[Web-SIG] Re: WSGI and Configuration
Phillip J. Eby
pje at telecommunity.com
Sat Nov 13 19:30:10 CET 2004
At 09:52 AM 11/13/04 -0800, Robert Brewer wrote:
>Alan Kennedy wrote:
> > Well, I think that 99% of the time, configuration consists of just a
> > list of name/value pairs, although the value can obviously have
>complex
> > structure. Given that dynamically building data structures is where
> > python really shines, it should be possible to come up with something
> > flexible and powerful enough to cover the vast majority of situations.
>
>In my experience, that 99% can be served by:
>
>environ["myapp.config"] =
> {'branch1': {'leaf1': 'value1',
> 'leaf2': 'value2',},
> 'branch2': {'leafA': 'valueA'},
> }
Which can also be rendered in flat form as:
myapp.config.branch1.leaf1 = value1
myapp.config.branch1.leaf2 = value2
myapp.config.branch1.leaf1 = value1
myapp.config.branch2.leafA = valueA
Which can be done with simple key=string configuration settings.

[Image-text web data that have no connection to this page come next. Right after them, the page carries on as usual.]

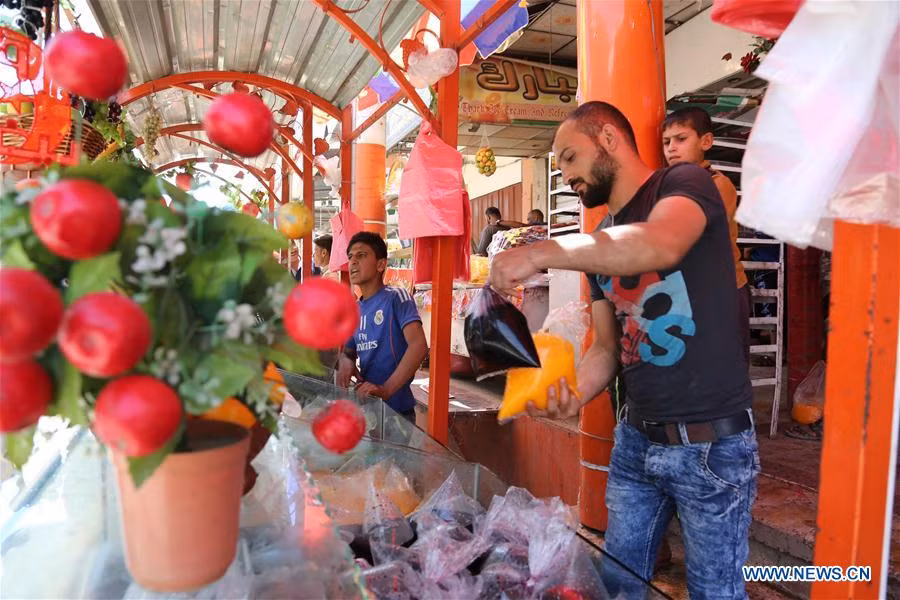 Người bán hàng Iraq đặt những túi nước ép trái cây vào tủ. Ảnh: THX.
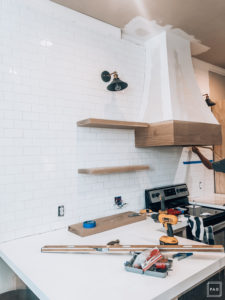 DIY white oak open shelving without breaking the bank. See how we added four white oak shelves to our kitchen for under $250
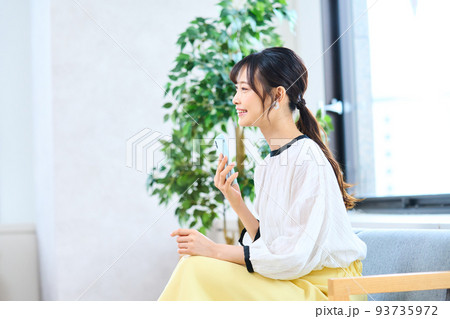 私服の若い女性　リビング　スマホ 93735972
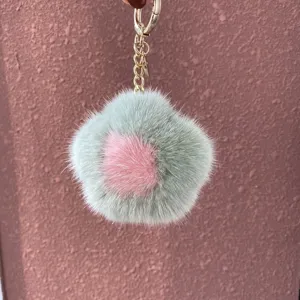 Close-up showing the soft mink fur texture of a green and pink flower keychain pendant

My current preference for the deployment standard is:
* Servers should allow you to specify an "application import" or a "setup
import"
* Servers should allow you to specify a small number of short key/value
configuration strings
An "import" is a combination of either PYTHONPATH+module or a Python
filename, plus the name of an object to be obtained from that module or file.
An "application import" is an "import" that designates an actual WSGI
application object (in which case the config data goes in its environ on
each call). A "setup import" is an "import" that designates a callable
that should be invoked with a configuration mapping, to obtain the
application object. It could be used like this:
def setup_my_app(options):
return MyAppClass(**options)
or this:
def setup_my_app(options):
return app_from_file(options['CONFIG_FILE'])
or this:
class Application:
def __init__(self,options):
self.load_config(options['CONFIG_FILE'])
# etc.
def __call__(self,environ,start_response):
# app code here
I would suggest that the configuration mapping should include WSGI-specific
configuration variables like the multithread/multiprocess/run-once flags,
and also any CGI variables that will be constant over the application's
lifetime, such as SERVER_NAME, DOCUMENT_ROOT, etc.